[LLVMdev] LoopVectorizer in OpenCL C work group autovectorization

Fri Jan 25 12:38:42 PST 2013

Pekka, 

I am in favor of adding metadata to control different aspects of vectorization, mainly for supporting user-level pargmas [1] but also for DSLs. 
Before we start adding metadata to the IR we need to define the semantics of the tags. "Parallel_for" is too general. We also want to control vectorization factor, unroll factor, cost model, etc. 

Doug Gregor suggested to add the metadata to the branch instruction of the latch block in the loop. 

My main concern is that your approach for vectorizing OpenCL is wrong. OpenCL was designed for SPMD/outer-loop vectorization and any good OpenCL vectorizer should be able to vectorize 100% of the workloads.  The Loop Vectorizer vectorizes innermost loops only. It has a completely different cost model and legality checks. You also have no use for reduction variables, reverse iterators, etc.
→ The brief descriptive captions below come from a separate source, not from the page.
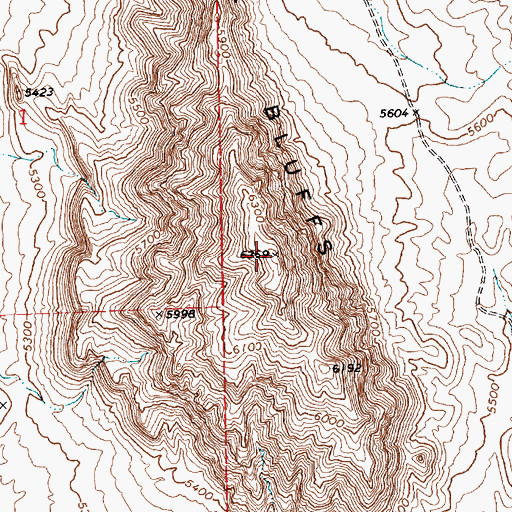 Topographic Map of The Bluffs, NV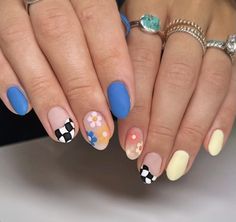 Funky Spring Nails, Fun Gel Nails, Polka Nails, 2023 Nails, Boho Nails, Country Nails, Hello Nails, Cute Acrylic Nail Designs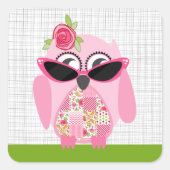 Roze Uil met zonnebril Sticker (Voorkant)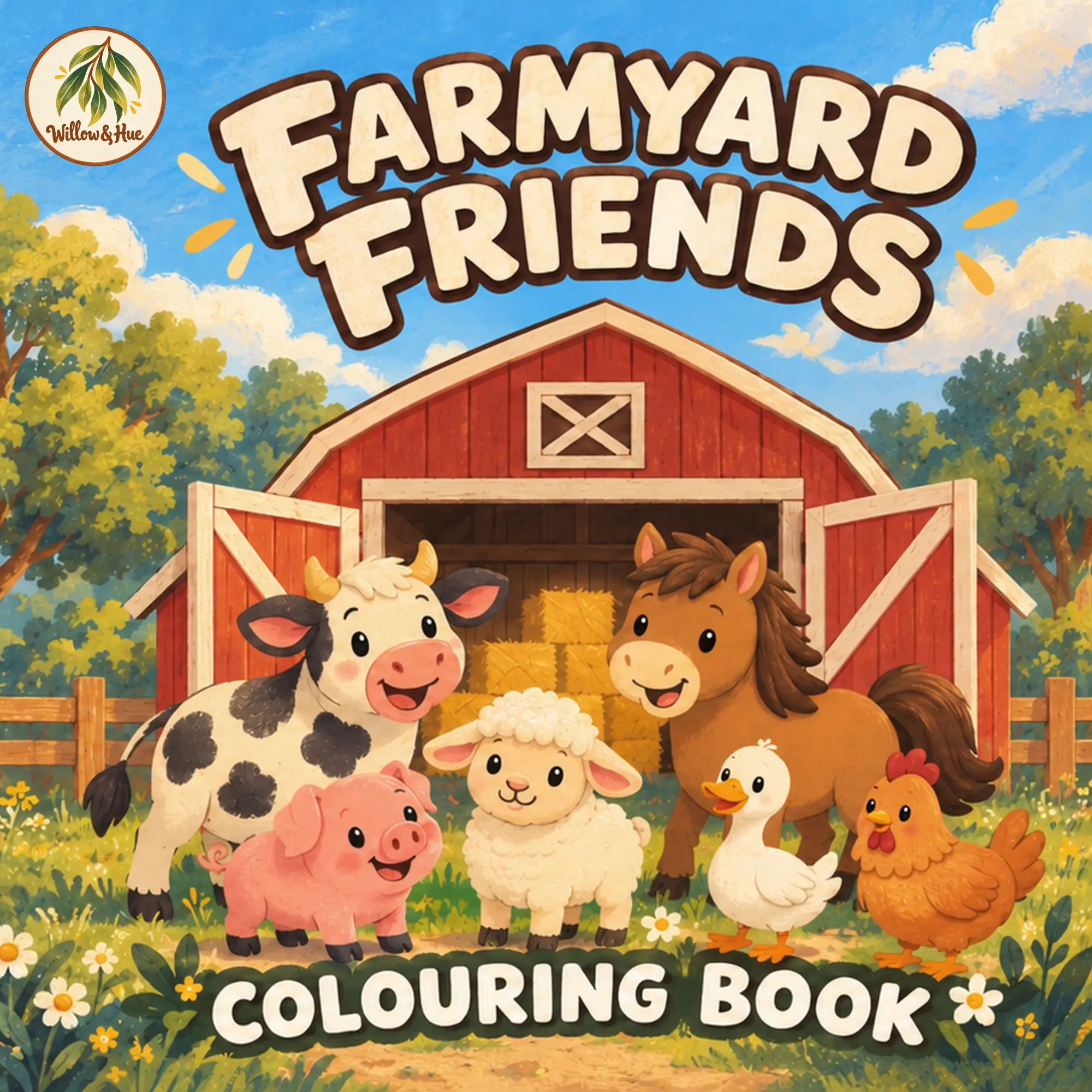 Farmyard Friends colouring book cover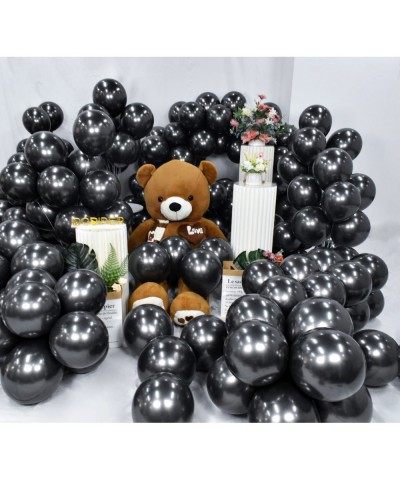 Party Balloons Decorations Make Balloons Last longer 12inch Latex Metallic Black Balloons Chrome Quality Balloons for Wedding...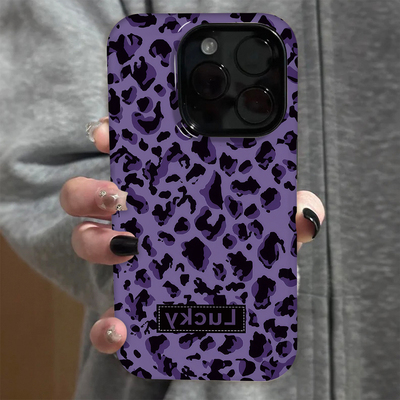 高级紫底豹纹适用苹果16pro手机壳iPhone15可爱17p华为mate60新款p70磨砂菲林vivo小米14红米k70荣耀oppo女款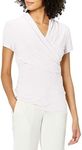 DKNY Women's Short Sleeve Side Ruche Shirt, White, XS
If all you are interested in is the widening of instructions then you can easily implement it.  

- Nadav

[1] http://software.intel.com/en-us/articles/vectorization-with-the-intel-compilers-part-i

On Jan 25, 2013, at 9:16 AM, Pekka Jääskeläinen <pekka.jaaskelainen at tut.fi> wrote:

> On 01/25/2013 04:21 PM, Hal Finkel wrote:
>> My point is that I specifically think that you should try it. I'm curious
>> to see how what you come up with might apply to other use cases as well.
> 
> OK, attached is the first quick attempt towards this. I'm not
> proposing committing this, but would like to get comments
> to possibly move towards something committable.
> 
> It simply looks for a metadata named 'parallel_for' in any of the
> instructions in the loop's header and assumes the loop is a parallel
> one if such is found. This metadata is added by the pocl's wiloops
> generation routine. It passes the pocl test suite when enabled but
> probably cannot vectorize many kernels (at least) due to the missing
> intra-kernel vector scalarizer.
> 
> Some known problems that need addressing:
> 
> - Metadata can only be attached to Instructions (not Loops or even
>  BasicBlocks), therefore the brute force approach of marking all
>  instructions in the header BB in hopes of that optimizers
>  might retain at least one of them. E.g., a special intrinsics call
>  might be a better solution.
> 
> - The loop header can be potentially shared with multilevel loops where the
>  outer or inner levels might not be parallel. Not a problem in the pocl use
>  case as the wiloops are fully parallel at all the three levels, but needs
>  to be sorted out in a general solution.
> 
>  Perhaps it would be better to attach the metadata to the iteration
>  count increment/check instruction(s) or similar to better identify the
>  parallel (for) loop in question.
> 
> - Are there optimizations that might push code *illegally* to the parallel
>  loop from the outside of it? If there's, e.g., a non-parallel loop inside
>  a parallel loop, loop invariant code motion might move code from the
>  inner loop to the parallel loop's body. That should be a safe optimization,
>  to my understanding (it preservers the ordering semantics), but I wonder if
>  there are others that might cause breakage.
> 
> -- 
> Pekka
> <llvm-3.3-loopvectorizer-parallel_for-metadata-detection.patch>